Short web captions
=== Section Start ===

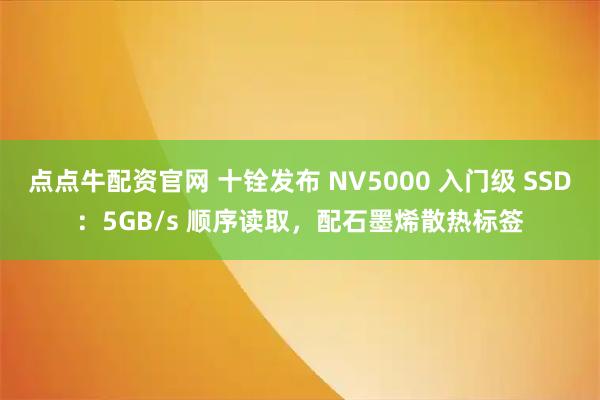 点点牛配资官网 十铨发布 NV5000 入门级 SSD：5GB/s 顺序读取，配石墨烯散热标签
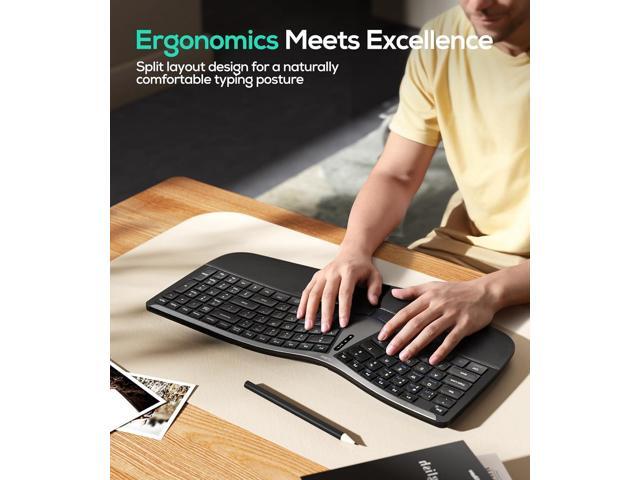 Nulea RT07B Wireless Ergonomic Keyboard - Split Keyboard, Wrist Rest, Natural Typing, Bluetooth and USB Connectivity, USB-C Rechargeable,Compatible...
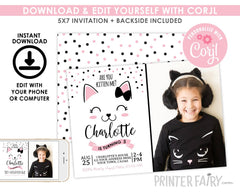 Editable Kitty Cat Photo Birthday Invitation, Pet Party (Digital Invite)
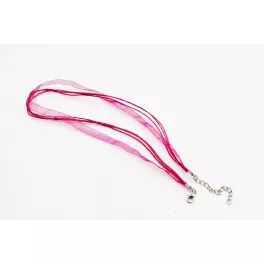 Organza nyaklánc alap lánchosszabítóval, 43 cm - magenta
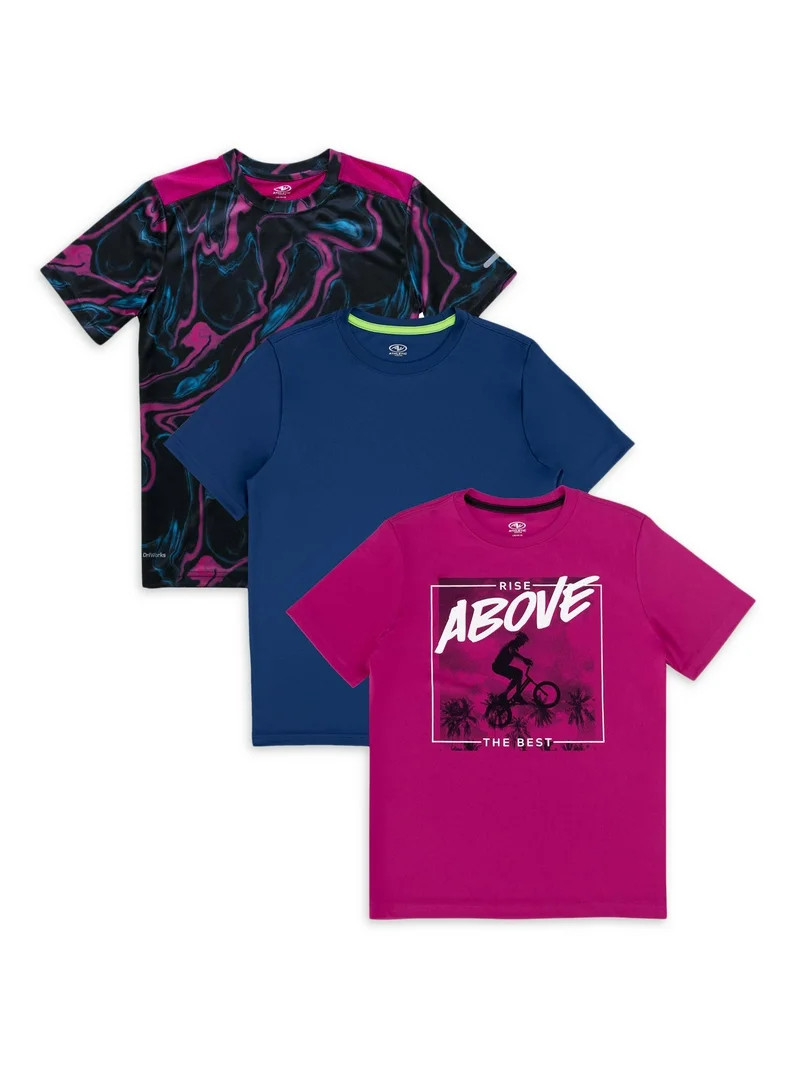 Athletic Works Boys Active Solid & Graphic Short Sleeve T-shirt, 3-Pack, Sizes 4-18 & Husky | Walmart (US)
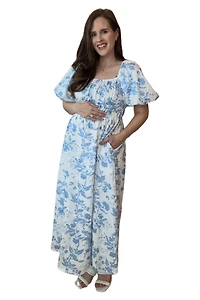 Pinkblush Maternity Teal Floral Puff Sleeve Midi Dress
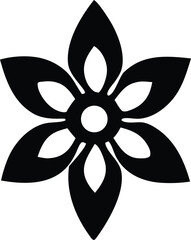 A stylized black six petal flower with a circular center and negative space between the petals on a white background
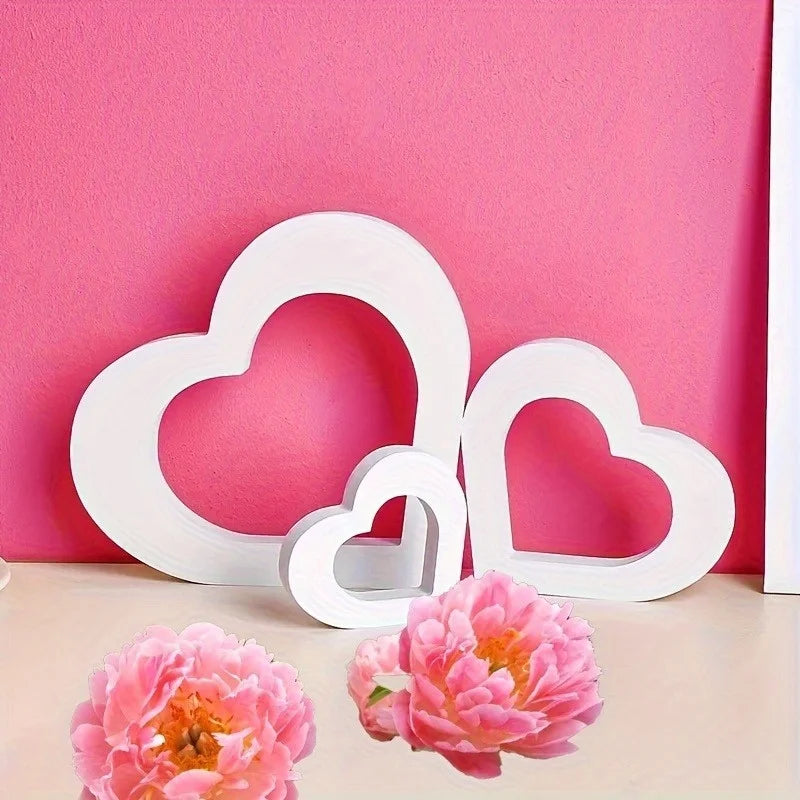 3Pcs White Heart Shaped PVC Decorations – Minimalist Décor Home Decoration Set Nixie
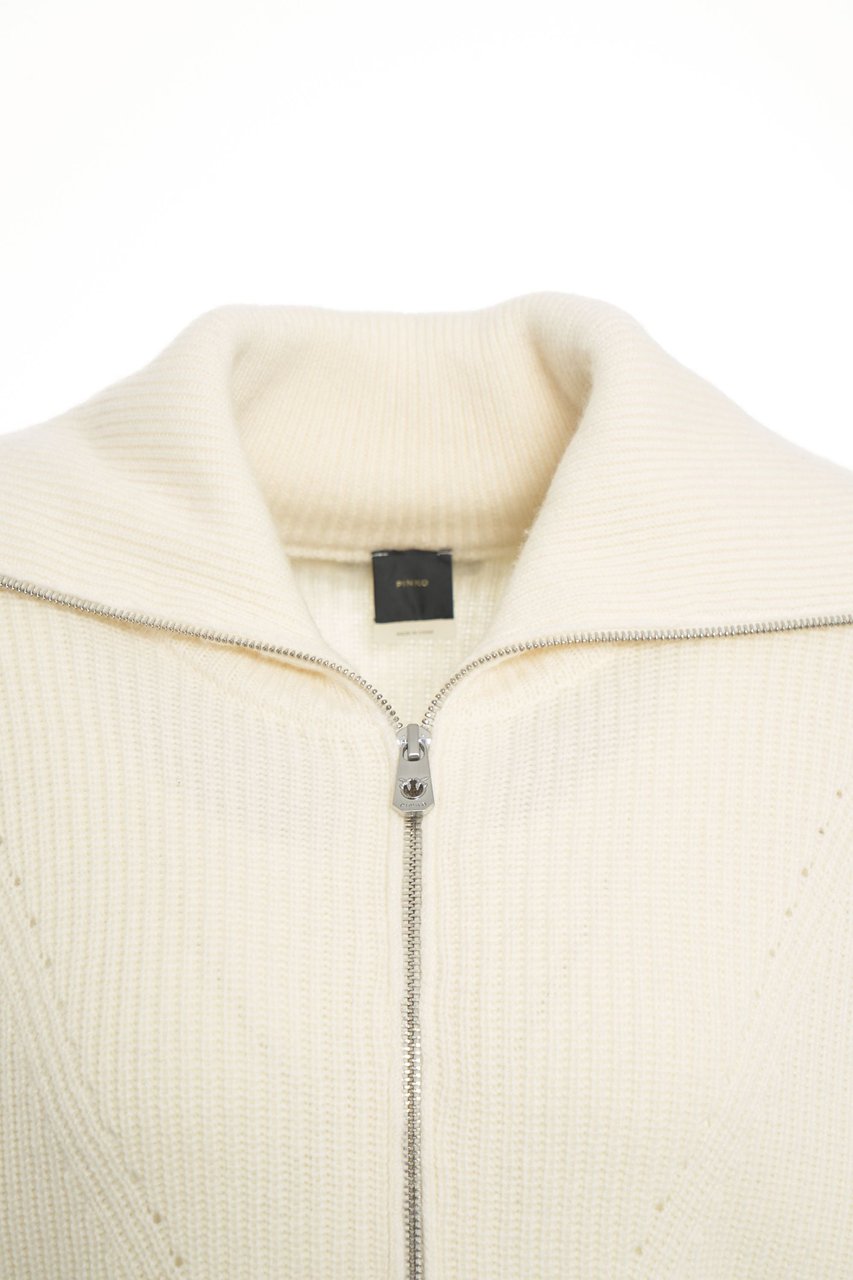 Pinko Knit sweater with zipper 'Folegandros' Wit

=== Section End ===

■ What is needed
The entries must be written out again unchanged. Images are to be left out.

■ Result for this exercise
 点点牛配资官网 十铨发布 NV5000 入门级 SSD：5GB/s 顺序读取，配石墨烯散热标签
 Nulea RT07B Wireless Ergonomic Keyboard - Split Keyboard, Wrist Rest, Natural Typing, Bluetooth and USB Connectivity, USB-C Rechargeable,Compatible...
 Editable Kitty Cat Photo Birthday Invitation, Pet Party (Digital Invite)
 Organza nyaklánc alap lánchosszabítóval, 43 cm - magenta
 Athletic Works Boys Active Solid & Graphic Short Sleeve T-shirt, 3-Pack, Sizes 4-18 & Husky | Walmart (US)
 Pinkblush Maternity Teal Floral Puff Sleeve Midi Dress
 A stylized black six petal flower with a circular center and negative space between the petals on a white background
 3Pcs White Heart Shaped PVC Decorations – Minimalist Décor Home Decoration Set Nixie
 Pinko Knit sweater with zipper 'Folegandros' Wit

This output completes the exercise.